Organic field-effect transistors (OFETs), as essential building blocks for next-generation devices, are being widely incorporated in flexible and transparent electronics. To enhance the performance of OFETs, the transistor number density must be increased, and the operating voltage must be decreased. Downsizing fabrication methods must be used to achieve a high transistor density. However, traditional downsizing fabrication techniques such as photolithography, extreme ultraviolet lithography, or e-beam lithography involve extensive fabrication processes and require expensive equipment.

This study provides a novel strategy for downsizing, in which a shrink film (pre-stressed polystyrene (PS), in which the entanglement of the polymer chain is used to store and release the internal stress during cooling or heating) is used as the substrate of a thin-film OFET device, and the device is shrunk through heating. When the heating temperature exceeds the glass transition temperature, the shrink film substrate releases the internal stress and decreases the projective area of the device by over 78% (the projective channel width and length decrease by approximately 53.5%). This method can effectively increase the transistor number density by four times through simple heating equipment and a facile process.
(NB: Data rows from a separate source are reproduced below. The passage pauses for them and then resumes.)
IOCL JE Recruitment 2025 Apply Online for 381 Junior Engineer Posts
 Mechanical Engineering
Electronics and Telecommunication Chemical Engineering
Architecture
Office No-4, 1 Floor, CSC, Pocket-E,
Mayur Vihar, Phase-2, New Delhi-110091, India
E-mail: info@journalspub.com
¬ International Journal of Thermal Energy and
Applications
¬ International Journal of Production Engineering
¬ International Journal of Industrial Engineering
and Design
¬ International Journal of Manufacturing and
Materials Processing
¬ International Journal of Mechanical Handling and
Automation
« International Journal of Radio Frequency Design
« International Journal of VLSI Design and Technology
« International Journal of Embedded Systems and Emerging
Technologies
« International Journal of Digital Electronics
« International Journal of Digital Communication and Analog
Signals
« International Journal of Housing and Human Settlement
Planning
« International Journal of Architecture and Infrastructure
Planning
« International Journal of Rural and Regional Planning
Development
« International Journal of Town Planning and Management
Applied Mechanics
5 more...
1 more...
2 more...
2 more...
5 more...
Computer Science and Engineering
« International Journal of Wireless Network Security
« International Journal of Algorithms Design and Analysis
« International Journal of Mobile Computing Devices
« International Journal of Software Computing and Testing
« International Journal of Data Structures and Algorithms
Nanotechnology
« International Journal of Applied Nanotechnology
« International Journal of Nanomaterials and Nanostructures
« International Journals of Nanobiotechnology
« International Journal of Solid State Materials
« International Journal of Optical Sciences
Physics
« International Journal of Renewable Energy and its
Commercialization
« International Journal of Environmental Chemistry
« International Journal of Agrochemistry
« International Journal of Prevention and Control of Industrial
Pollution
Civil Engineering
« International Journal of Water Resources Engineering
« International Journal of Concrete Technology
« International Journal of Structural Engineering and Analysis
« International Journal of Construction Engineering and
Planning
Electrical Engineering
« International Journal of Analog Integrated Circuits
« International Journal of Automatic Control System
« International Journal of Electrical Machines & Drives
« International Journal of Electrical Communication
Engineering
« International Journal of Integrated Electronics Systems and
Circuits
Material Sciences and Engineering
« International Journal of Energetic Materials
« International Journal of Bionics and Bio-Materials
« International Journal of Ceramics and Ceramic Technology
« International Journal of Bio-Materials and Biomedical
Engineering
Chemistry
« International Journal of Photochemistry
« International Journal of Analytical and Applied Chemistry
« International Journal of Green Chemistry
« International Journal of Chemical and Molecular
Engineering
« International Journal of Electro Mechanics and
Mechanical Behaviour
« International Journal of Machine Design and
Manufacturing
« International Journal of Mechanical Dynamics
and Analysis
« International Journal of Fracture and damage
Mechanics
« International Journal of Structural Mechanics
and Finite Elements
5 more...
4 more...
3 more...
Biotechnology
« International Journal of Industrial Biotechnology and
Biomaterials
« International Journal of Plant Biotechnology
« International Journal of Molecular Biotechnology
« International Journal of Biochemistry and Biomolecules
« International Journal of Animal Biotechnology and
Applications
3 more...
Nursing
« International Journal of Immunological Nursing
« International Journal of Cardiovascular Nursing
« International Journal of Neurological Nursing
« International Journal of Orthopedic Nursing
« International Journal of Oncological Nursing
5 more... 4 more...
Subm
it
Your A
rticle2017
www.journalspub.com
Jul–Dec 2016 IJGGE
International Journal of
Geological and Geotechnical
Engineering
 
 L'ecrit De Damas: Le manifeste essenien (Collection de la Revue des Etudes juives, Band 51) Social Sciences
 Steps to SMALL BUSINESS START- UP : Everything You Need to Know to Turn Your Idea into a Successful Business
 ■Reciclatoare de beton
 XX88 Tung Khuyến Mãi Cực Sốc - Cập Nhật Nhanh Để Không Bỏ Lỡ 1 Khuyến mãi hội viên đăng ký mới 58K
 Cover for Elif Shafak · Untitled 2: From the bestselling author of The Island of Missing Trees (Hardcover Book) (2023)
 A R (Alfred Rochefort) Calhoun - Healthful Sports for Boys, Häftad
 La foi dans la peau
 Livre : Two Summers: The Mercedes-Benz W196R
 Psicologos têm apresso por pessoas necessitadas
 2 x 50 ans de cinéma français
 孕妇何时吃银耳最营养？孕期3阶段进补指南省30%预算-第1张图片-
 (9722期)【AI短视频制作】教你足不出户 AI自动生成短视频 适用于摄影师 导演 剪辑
The shrinking method can also enhance the OFET performance. The shrunk OFET device exhibits a wrinkle morphology, in which the dielectric layer has a nonuniform electric field distribution. Therefore, the electric field in the concave wrinkle region and areal capacitance of the dielectric layer area increase. The electric field is intensified when the wrinkle size decreases and number increases, thereby enhancing the device performance. Therefore, the subthreshold voltage of the transistor decreases from -1.44 V (before shrinking) to -0.18 V (after shrinking) with a subthreshold swing of 74 mV/dec and intrinsic gain of 4.151 × 10^4. The shrunk OFET device outperforms the existing OFET devices.

This result demonstrates that the shrinking method is a low cost and time-saving downsizing method, and the wrinkle structure can enhance the device performance. Shrunk OFET devices can function as low-voltage operating devices for high sensitivity applications such as low power digital circuits and bio-wearable devices.